**Dplyr** is one of the most popular r-packages and also part of **tidyverse** that's been developed by Hadley Wickham. The mere fact that dplyr package is very famous means, it's one of the most frequently used. Being a data scientist is not always about creating sophisticated models but Data Analysis (Manipulation) and Data Visualization play a very important role in BAU of many us - in fact, a very important part before any modeling exercise since Feature Engineering and EDA are the most important differentiating factors of your model and someone else's.
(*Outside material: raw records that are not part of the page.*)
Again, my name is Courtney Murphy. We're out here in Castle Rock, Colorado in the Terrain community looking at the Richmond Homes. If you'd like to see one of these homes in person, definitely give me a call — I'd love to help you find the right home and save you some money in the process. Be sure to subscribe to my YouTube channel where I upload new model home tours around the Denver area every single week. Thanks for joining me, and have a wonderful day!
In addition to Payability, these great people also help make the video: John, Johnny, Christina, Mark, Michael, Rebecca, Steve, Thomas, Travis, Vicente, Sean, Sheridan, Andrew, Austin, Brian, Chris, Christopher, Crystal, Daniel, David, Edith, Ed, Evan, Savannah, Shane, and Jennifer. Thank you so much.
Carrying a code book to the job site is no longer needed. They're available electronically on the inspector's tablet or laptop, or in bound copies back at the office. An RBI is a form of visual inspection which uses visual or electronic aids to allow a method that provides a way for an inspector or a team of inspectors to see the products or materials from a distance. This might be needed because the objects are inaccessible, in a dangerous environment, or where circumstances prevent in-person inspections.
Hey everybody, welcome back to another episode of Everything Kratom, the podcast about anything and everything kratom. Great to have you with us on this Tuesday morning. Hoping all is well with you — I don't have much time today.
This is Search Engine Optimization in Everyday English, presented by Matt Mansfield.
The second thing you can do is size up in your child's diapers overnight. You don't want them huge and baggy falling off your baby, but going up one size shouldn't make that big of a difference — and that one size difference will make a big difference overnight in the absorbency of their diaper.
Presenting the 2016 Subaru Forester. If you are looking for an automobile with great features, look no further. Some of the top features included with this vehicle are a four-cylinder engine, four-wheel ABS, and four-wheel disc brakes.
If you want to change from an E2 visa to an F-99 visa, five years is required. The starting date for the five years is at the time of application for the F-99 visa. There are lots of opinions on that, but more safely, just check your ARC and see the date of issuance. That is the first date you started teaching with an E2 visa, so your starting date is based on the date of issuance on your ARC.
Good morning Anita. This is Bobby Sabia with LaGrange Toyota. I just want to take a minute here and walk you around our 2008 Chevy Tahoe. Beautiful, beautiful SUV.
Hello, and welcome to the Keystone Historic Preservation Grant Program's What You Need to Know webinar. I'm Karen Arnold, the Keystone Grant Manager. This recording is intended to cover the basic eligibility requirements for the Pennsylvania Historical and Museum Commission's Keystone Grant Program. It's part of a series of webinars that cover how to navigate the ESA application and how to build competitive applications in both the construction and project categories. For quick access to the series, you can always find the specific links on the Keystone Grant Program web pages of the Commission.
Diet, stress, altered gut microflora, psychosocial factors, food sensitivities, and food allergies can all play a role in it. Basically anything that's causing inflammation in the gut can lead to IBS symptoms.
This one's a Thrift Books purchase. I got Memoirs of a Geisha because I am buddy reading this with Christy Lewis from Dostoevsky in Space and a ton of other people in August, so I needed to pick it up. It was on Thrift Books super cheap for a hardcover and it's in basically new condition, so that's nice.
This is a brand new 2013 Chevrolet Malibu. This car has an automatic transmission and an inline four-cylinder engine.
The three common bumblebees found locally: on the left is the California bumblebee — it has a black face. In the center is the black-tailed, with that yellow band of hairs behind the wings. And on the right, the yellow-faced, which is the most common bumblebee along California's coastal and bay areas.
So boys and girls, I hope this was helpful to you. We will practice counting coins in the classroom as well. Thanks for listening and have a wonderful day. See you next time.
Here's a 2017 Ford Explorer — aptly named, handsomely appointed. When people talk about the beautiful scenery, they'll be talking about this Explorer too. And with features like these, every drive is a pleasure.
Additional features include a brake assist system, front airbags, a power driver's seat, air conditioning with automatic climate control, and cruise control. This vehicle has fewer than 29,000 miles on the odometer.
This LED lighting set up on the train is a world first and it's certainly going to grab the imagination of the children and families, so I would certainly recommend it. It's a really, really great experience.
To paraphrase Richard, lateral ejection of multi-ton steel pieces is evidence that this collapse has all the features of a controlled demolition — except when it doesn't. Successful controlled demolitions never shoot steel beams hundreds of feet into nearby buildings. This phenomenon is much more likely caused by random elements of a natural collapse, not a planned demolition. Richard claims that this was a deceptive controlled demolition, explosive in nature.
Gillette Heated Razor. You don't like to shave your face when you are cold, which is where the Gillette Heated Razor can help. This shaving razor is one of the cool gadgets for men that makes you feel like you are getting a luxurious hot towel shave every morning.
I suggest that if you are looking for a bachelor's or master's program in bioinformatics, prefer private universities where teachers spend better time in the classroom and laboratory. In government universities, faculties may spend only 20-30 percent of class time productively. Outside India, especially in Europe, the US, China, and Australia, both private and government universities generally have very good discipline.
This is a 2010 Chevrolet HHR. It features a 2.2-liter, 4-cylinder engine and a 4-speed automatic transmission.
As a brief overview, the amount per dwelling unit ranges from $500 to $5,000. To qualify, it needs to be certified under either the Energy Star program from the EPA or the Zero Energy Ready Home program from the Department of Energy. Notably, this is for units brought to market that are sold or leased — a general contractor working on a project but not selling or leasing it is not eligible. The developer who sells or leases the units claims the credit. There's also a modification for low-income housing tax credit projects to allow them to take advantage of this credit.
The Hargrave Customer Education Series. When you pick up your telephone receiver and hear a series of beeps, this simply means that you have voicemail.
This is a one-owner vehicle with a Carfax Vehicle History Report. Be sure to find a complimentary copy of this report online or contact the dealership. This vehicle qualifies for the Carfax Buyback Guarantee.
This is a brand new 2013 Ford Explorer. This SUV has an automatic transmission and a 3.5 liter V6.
Hence, this notebook aims to bring out some well known and not-so-well-known applications of dplyr so that any data analyst could leverage its potential

In [1]:
# This R environment comes with all of CRAN preinstalled, as well as many other helpful packages
# The environment is defined by the kaggle/rstats docker image: https://github.com/kaggle/docker-rstats
# For example, here's several helpful packages to load in 

library(dplyr) # Loading Dplyr package

# Input data files are available in the "../input/" directory.
# For example, running this (by clicking run or pressing Shift+Enter) will list the files in the input directory

system("ls ../input")

# Any results you write to the current directory are saved as output.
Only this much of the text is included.